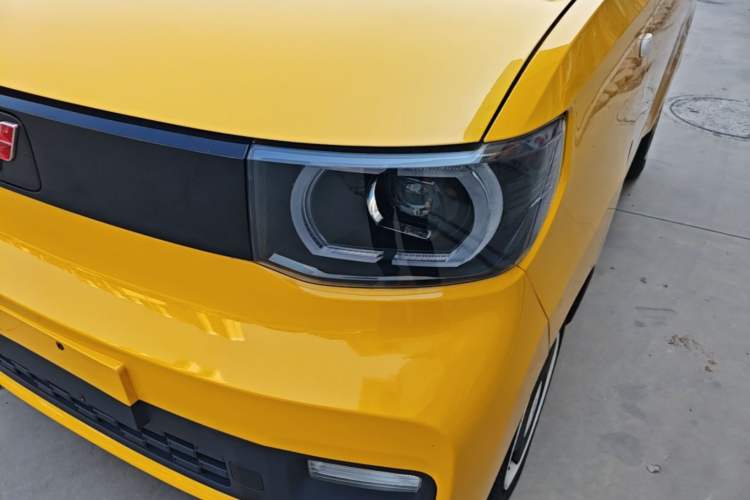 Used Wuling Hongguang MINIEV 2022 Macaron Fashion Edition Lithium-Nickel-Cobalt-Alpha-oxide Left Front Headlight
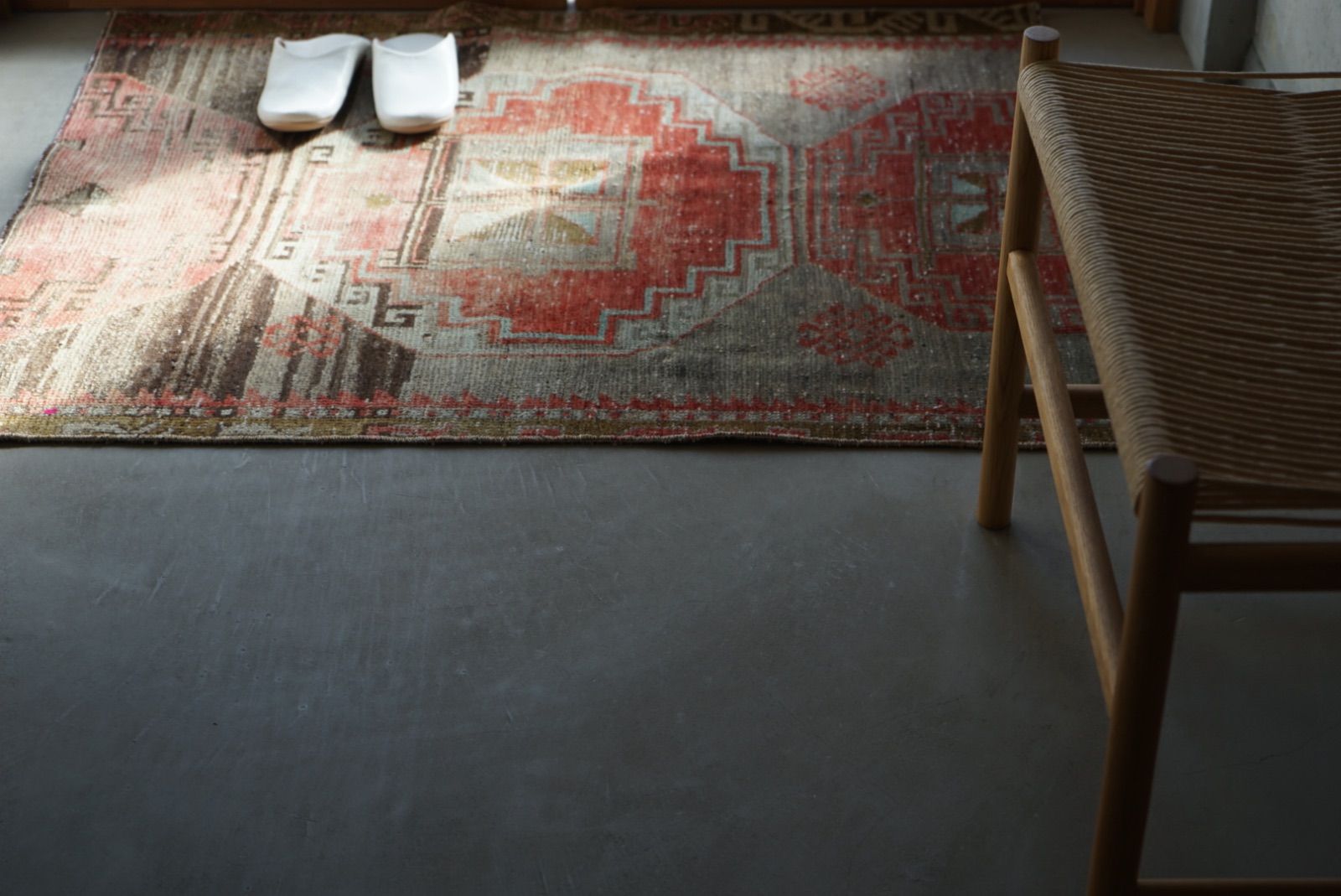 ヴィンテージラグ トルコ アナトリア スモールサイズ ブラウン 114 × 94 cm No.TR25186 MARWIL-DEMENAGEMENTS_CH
#####
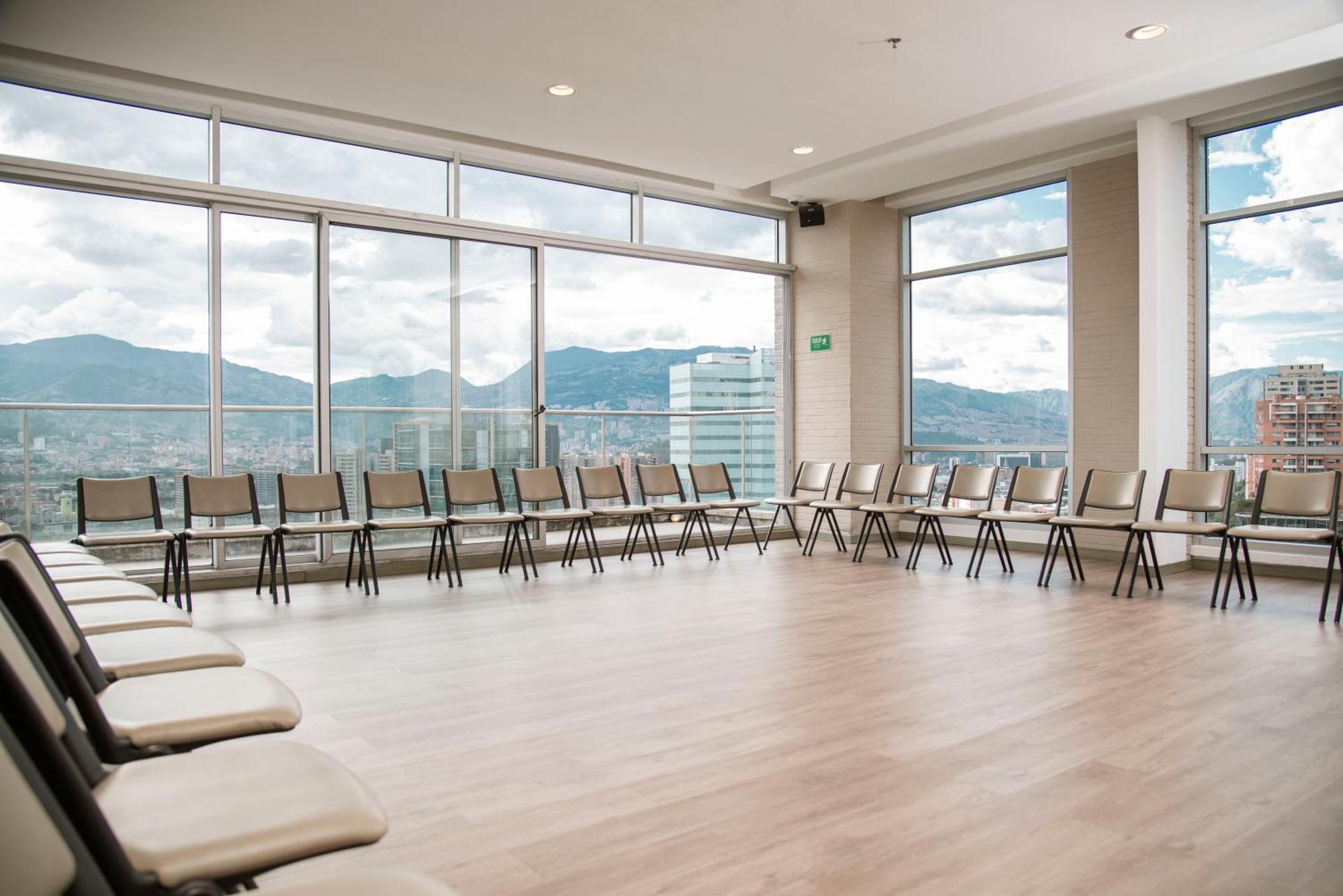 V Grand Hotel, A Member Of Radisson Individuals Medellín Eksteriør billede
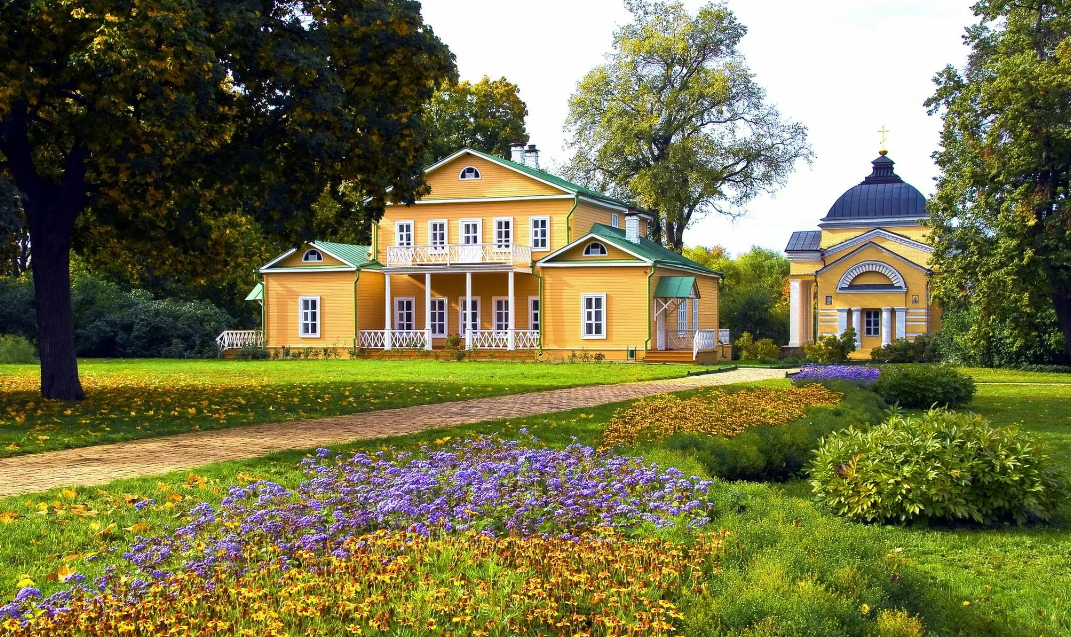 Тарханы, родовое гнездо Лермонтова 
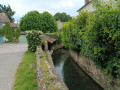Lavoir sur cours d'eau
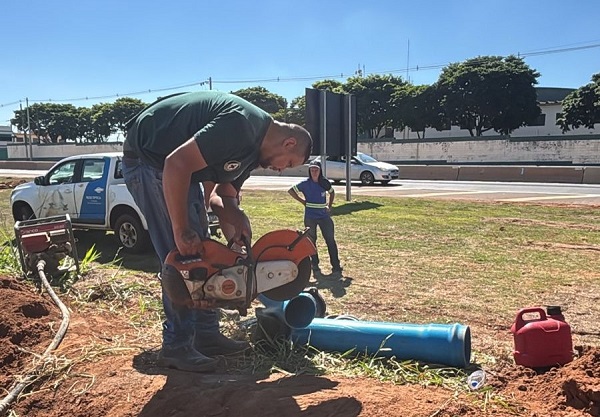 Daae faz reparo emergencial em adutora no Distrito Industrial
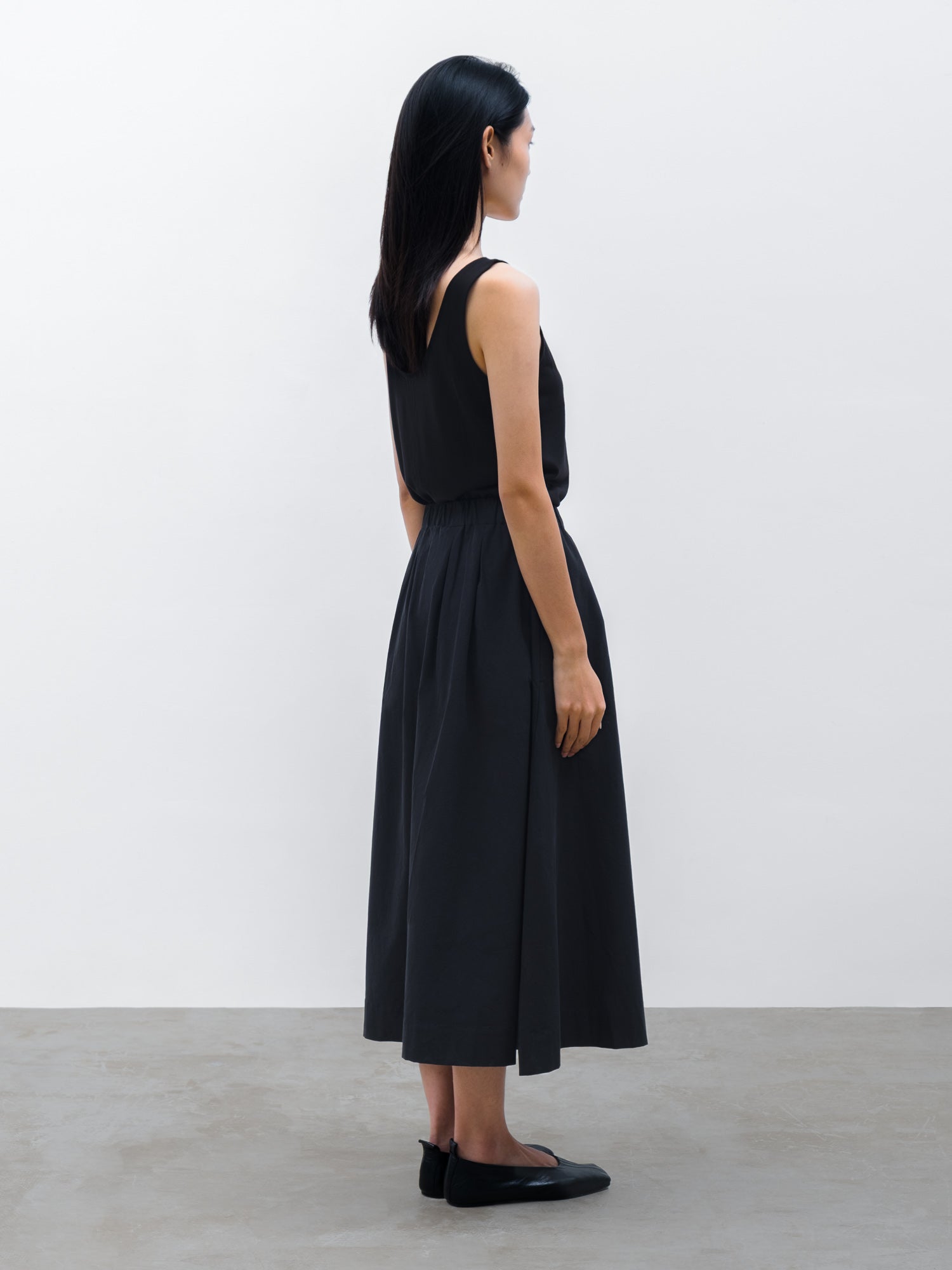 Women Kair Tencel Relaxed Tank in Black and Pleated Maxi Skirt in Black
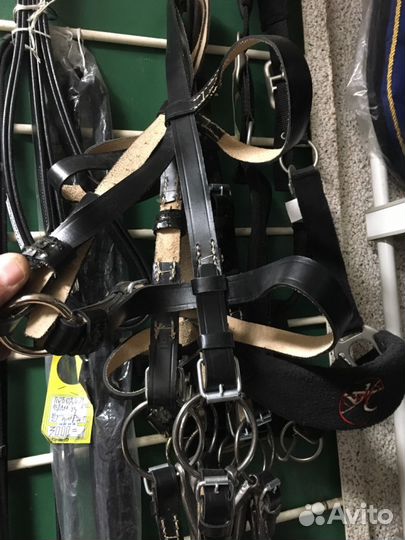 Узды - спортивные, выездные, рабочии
#####
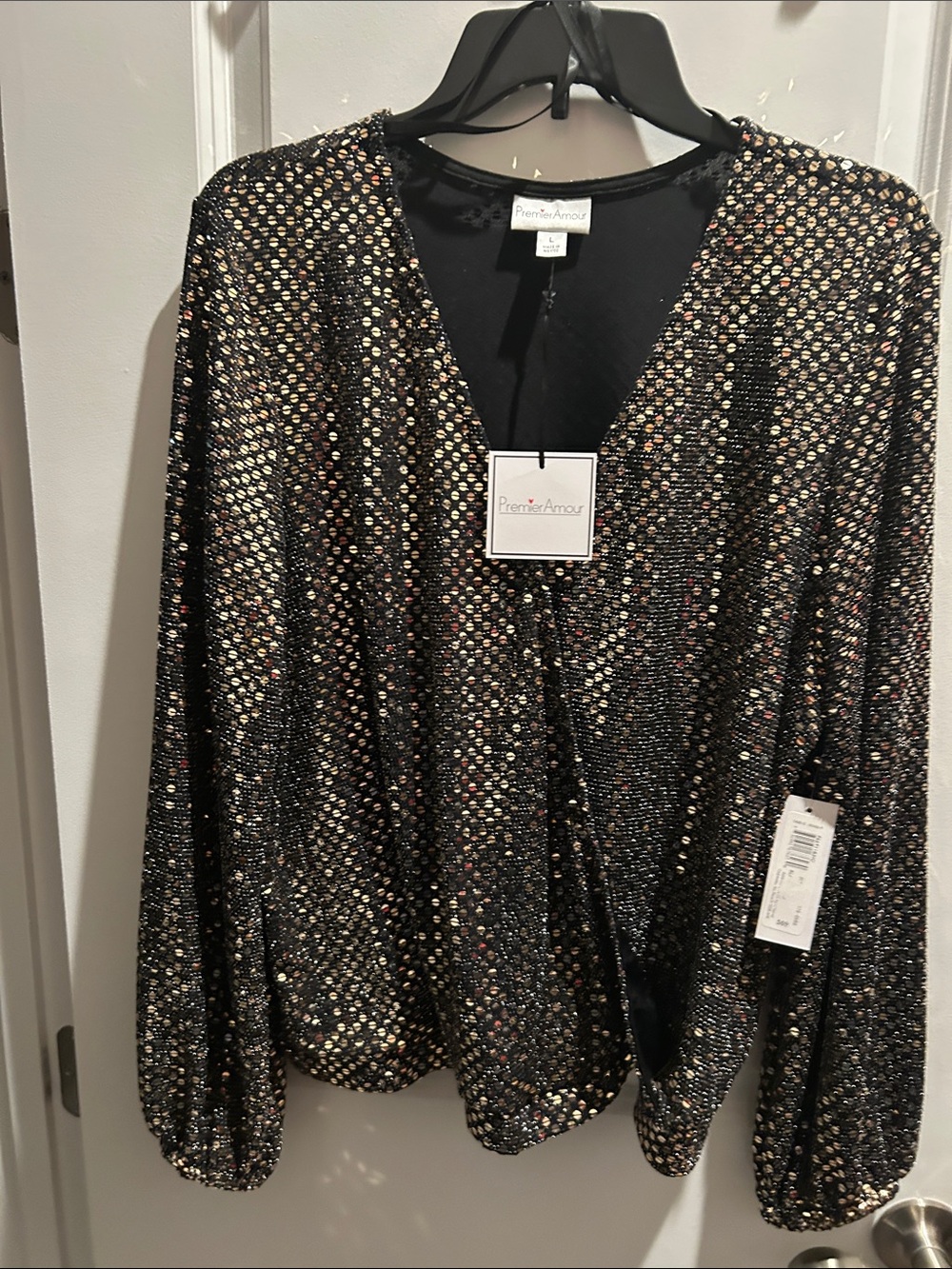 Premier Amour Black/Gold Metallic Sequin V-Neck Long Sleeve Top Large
#####
#### WHAT IS NEEDED:
Within the material above, only the stretch from the line holding "Women Kair Tencel" through the line holding "Узды - спортивные, выездные, рабочии" is to be restated exactly. Pictures are dropped.

#### SOLUTION FOR THIS PROBLEM:
 Women Kair Tencel Relaxed Tank in Black and Pleated Maxi Skirt in Black
 Узды - спортивные, выездные, рабочии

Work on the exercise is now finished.